Data entries
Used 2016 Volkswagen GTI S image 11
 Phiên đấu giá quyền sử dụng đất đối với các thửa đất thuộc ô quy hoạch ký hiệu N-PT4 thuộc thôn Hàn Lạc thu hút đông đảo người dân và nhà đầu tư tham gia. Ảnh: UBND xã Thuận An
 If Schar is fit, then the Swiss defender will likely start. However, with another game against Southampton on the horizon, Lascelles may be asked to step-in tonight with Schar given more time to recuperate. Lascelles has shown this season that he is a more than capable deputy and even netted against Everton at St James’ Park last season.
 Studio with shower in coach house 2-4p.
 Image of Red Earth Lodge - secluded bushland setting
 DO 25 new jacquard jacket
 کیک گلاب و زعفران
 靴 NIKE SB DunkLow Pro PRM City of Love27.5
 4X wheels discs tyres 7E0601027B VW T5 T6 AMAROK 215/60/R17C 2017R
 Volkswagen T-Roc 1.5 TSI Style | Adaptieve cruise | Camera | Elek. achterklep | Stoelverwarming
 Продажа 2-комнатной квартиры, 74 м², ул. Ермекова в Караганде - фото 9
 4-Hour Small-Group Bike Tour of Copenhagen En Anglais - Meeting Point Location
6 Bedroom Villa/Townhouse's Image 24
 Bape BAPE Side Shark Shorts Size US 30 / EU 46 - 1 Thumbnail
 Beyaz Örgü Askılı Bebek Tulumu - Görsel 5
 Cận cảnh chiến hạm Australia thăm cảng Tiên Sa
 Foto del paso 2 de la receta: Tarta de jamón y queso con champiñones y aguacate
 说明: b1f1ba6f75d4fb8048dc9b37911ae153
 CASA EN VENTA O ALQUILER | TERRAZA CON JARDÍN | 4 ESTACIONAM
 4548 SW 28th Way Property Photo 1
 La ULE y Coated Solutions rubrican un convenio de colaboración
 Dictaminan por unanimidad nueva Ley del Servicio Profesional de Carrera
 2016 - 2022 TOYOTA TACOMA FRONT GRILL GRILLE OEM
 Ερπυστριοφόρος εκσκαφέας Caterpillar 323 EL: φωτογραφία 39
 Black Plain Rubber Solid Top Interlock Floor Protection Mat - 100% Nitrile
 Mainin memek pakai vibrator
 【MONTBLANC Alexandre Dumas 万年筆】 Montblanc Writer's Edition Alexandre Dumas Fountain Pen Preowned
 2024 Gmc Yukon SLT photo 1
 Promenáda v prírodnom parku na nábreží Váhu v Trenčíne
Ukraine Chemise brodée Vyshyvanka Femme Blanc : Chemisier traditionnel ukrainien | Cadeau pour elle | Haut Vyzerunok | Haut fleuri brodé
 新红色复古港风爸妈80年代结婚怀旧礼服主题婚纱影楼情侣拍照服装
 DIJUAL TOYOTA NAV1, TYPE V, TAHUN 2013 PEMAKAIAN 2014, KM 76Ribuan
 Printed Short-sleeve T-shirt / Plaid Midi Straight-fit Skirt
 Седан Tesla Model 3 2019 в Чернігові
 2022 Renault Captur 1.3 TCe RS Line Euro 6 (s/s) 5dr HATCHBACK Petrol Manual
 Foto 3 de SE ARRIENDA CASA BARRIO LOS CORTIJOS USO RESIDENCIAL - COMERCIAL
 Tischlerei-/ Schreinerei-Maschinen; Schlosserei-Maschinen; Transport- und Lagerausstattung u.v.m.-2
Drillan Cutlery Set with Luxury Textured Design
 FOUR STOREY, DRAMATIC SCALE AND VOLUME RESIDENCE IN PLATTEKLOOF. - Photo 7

### [WHAT THE TASK REQUIRES]
The lines beginning with the one that holds "Tischlerei-/ Schreinerei-Maschinen; Schlosserei-Maschinen;" and ending with the last line of the data above are to be reproduced exactly, and nothing else.

### [EXERCISE OUTPUT]
 Tischlerei-/ Schreinerei-Maschinen; Schlosserei-Maschinen; Transport- und Lagerausstattung u.v.m.-2
Drillan Cutlery Set with Luxury Textured Design
 FOUR STOREY, DRAMATIC SCALE AND VOLUME RESIDENCE IN PLATTEKLOOF. - Photo 7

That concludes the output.